Outshining Cranston’s performance is the supporting role of John Leguizamo, playing Emir Abreu, Mazur’s sketchy partner.  This is Leguizamo’s best performance since playing the Clown/Violator in SPAWN.  He was worthy of a Best Supporting Actor nod for that, but did not receive one.  Don’t be too surprised if he appears on the short list for similar honors this award’s season.  Interestingly, Leguizamo will play Escobar in the film EL PATRON, scheduled for a 2017 release.

Rounding out the cast are:  Olympia Dukakis as Aunt Vicky, a key element in the sting; an unrecognizable Michael Pare as Barry Seal; Benjamin Bratt as Roberto Alcaino; Amy Ryan as Bonnie Tischler; and Jasmine Jardot, as the all-important Dancer 2. 


1.      Money in the pants
2.      The wedding
3.      The voodoo priest

Technically, THE INFILTRATOR has much going for it.  Cinematographer Joshua Reis shoots the movie in a New York mien, often incorporating high grain elements to capture the late 1980’s era.  He also stages a circle completion yin-yang sequence with a POV one shot at both the movie’s beginning and concluding scenes.

The film’s difficulties come in the script.  Ellen Sue Brown (another of the dreaded three-name people) adapted Mazur’s own treatise for the script and attempted to put too much information into it.  As a result, there are gaps in the storyline that seem to leapfrog the viewer.  The workflow of the sting operation is given barely adequate time, making the story disjointed.  Something as key as the relationship between Mazur and Alcaino comes too late in the film and is not allowed to evolve convincingly.  Nauseatingly, Brown also has to insert graphics and commentary which attacks the Reagan Administration and the government and military in a liberal back-hand to a time most consider quite successful.
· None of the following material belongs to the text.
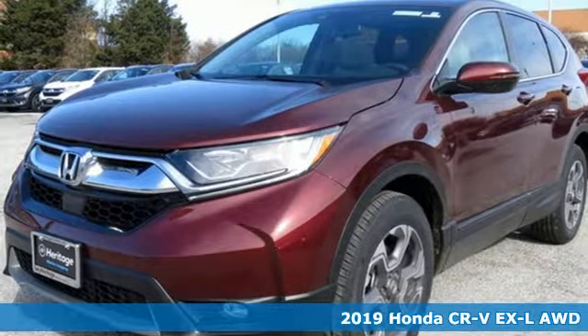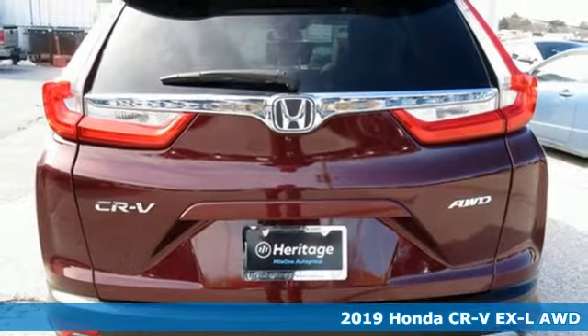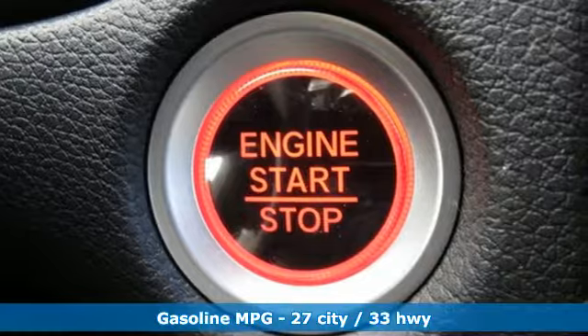Here's a new 2019 Honda CR-V. Check out this CR-V's fuel efficiency numbers, safety measures, and cargo capacity, and you'll be glad to drive it for the long haul.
The inclusions have no effect on the storyline and are so obviously inserted as propaganda that it is distracting and disruptive to the film’s flow.  
Like most films today, THE INFILTRATOR is too long.  At two and a quarter hour, 30 min could easily have been trimmed.  Editors Luis Carballar, Jeff McEvoy and David Rosenblum help create a rambling narrative, rather than a sharp, concise police tale.

THE INFILTRATOR presents a much different view of the war on drugs than SICARIO.  The former is presented in chess move fashion, whereas the latter was action driven. Powerful performances, and creative cinematography make THE INFILTRATOR worth watching.  The editing and scripting undo all the positives.